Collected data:
=======

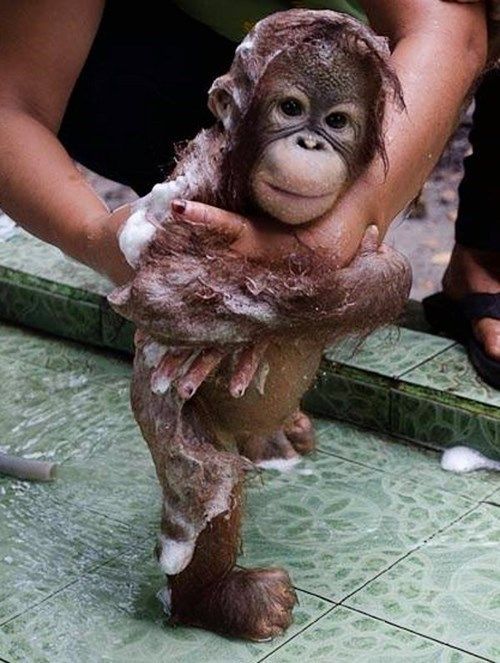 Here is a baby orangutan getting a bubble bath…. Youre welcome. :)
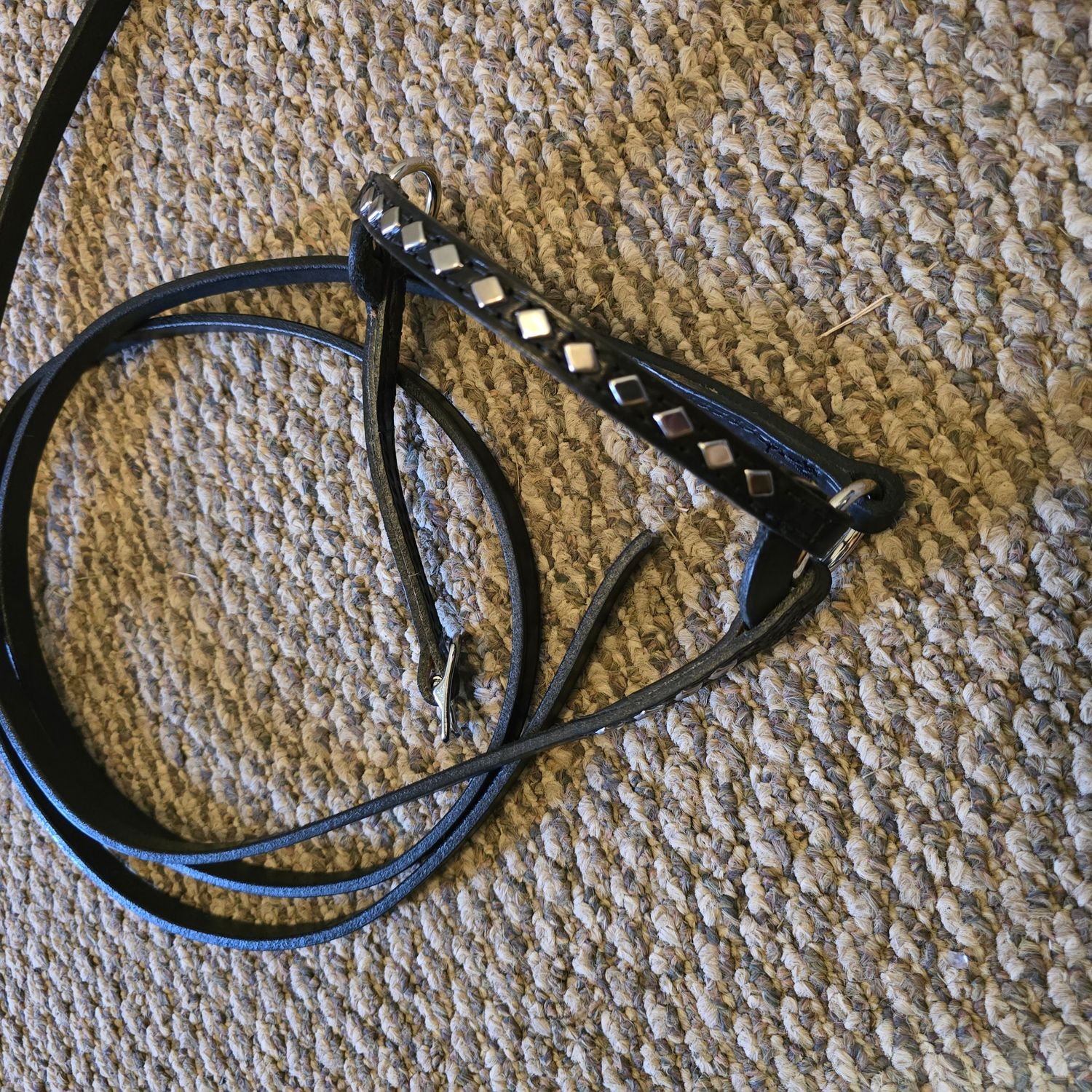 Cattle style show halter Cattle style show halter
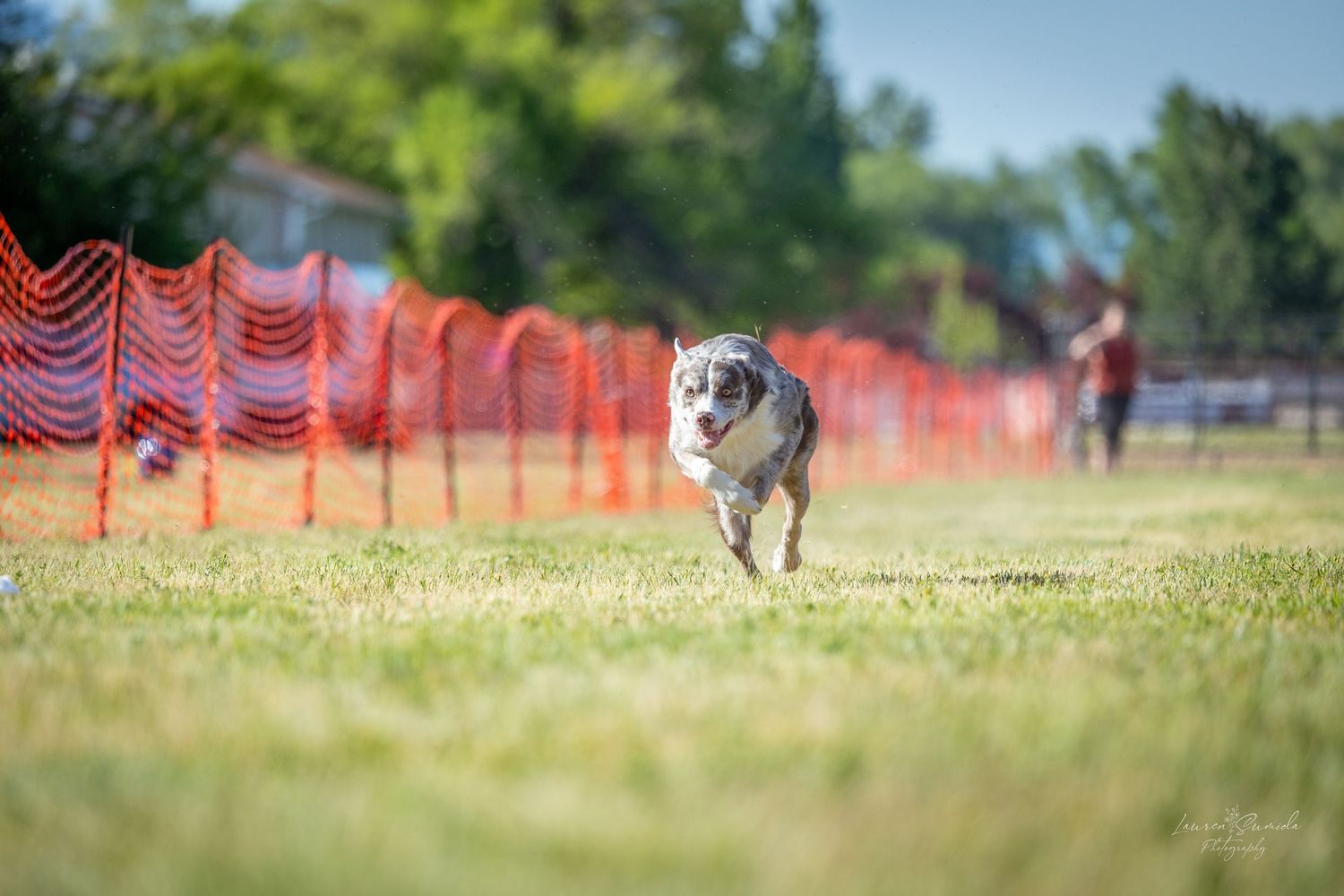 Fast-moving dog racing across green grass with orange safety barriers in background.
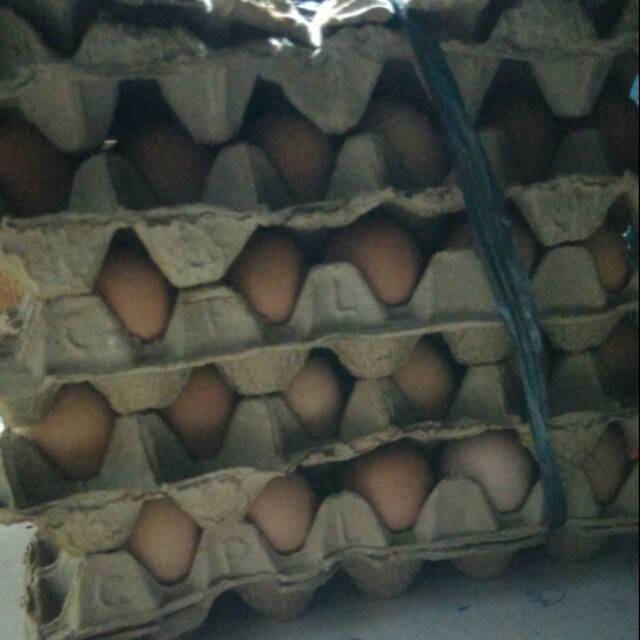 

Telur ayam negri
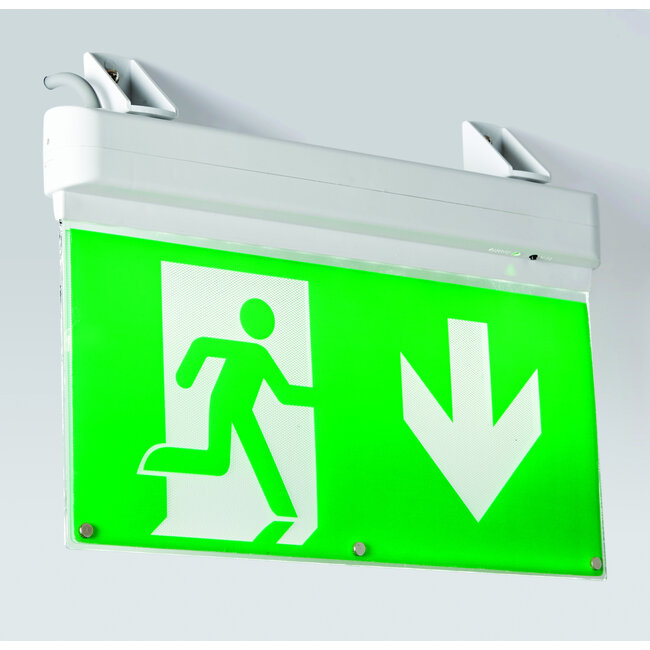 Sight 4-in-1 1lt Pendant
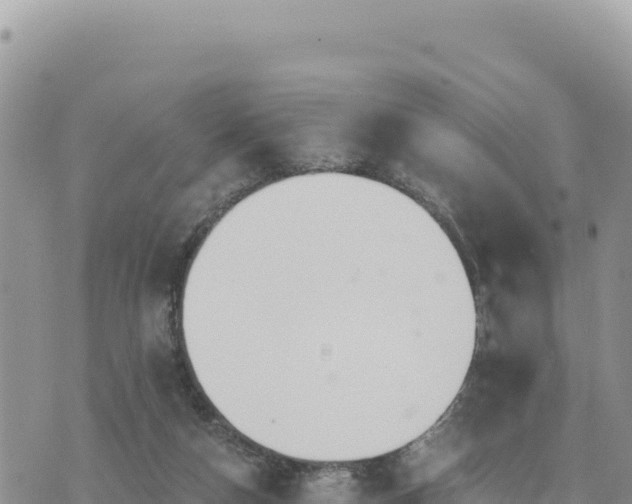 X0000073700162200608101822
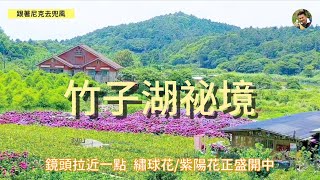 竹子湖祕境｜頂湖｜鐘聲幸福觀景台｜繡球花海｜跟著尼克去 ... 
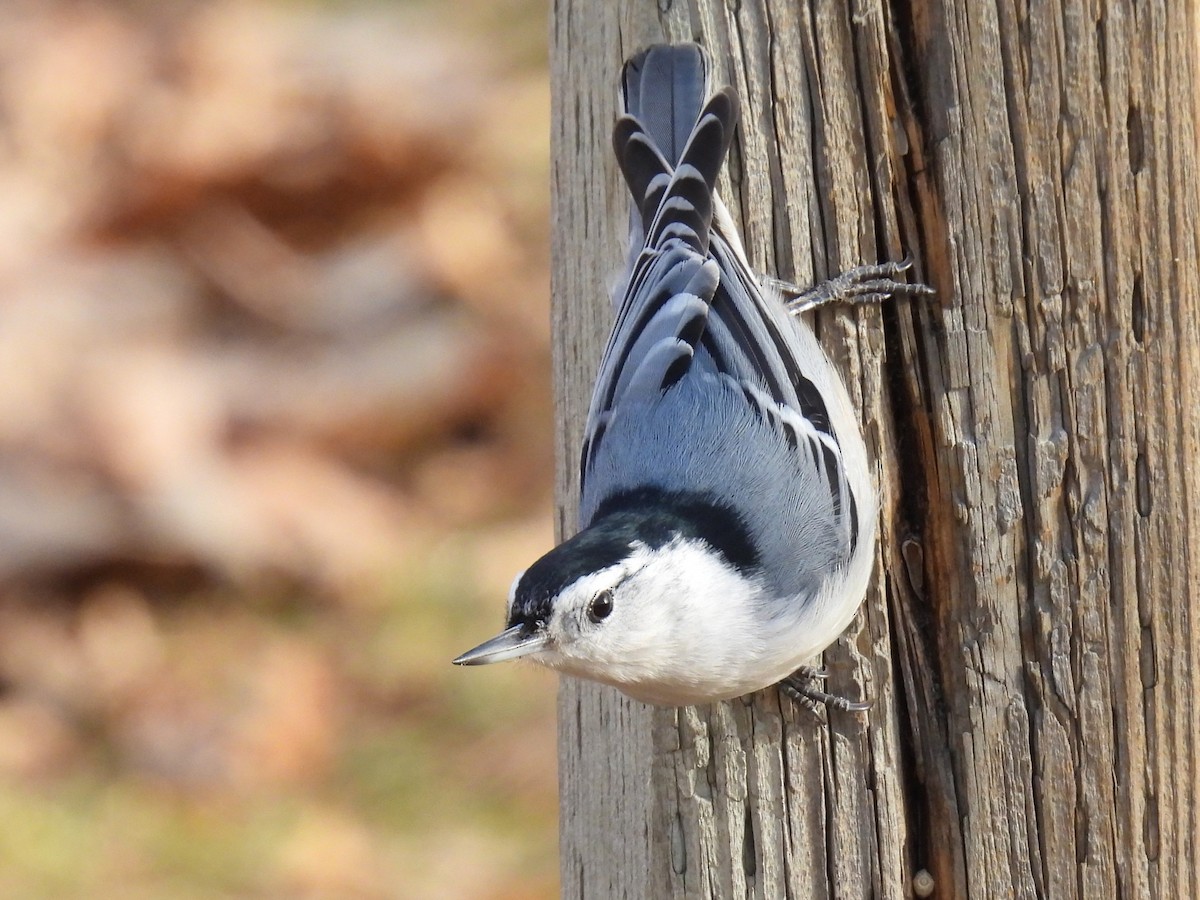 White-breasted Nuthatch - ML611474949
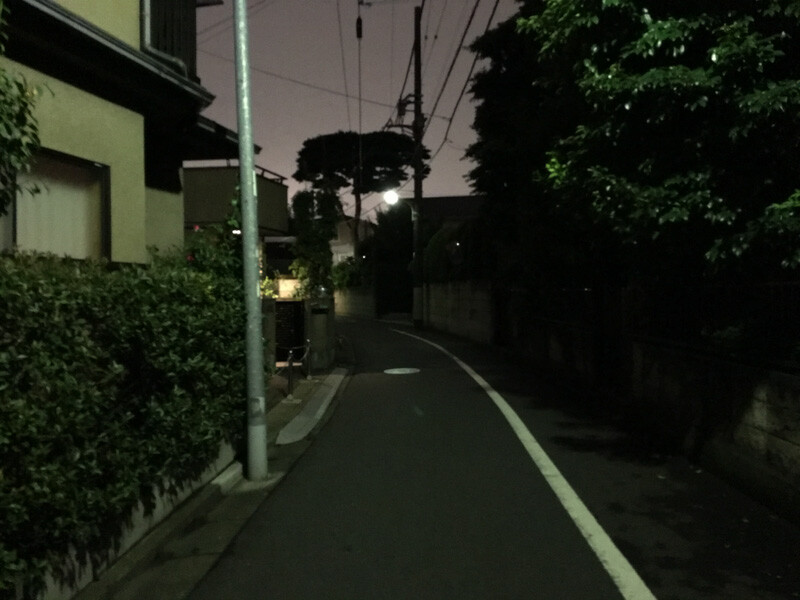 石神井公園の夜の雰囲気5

=======

## Goal of the exercise
With pictures excluded, the lines running from the one containing "Telur ayam negri" through the last line of the records above are to be restated exactly and in full.

## Exercise solution
Telur ayam negri
 Sight 4-in-1 1lt Pendant
 X0000073700162200608101822
 竹子湖祕境｜頂湖｜鐘聲幸福觀景台｜繡球花海｜跟著尼克去 ... 
 White-breasted Nuthatch - ML611474949
 石神井公園の夜の雰囲気5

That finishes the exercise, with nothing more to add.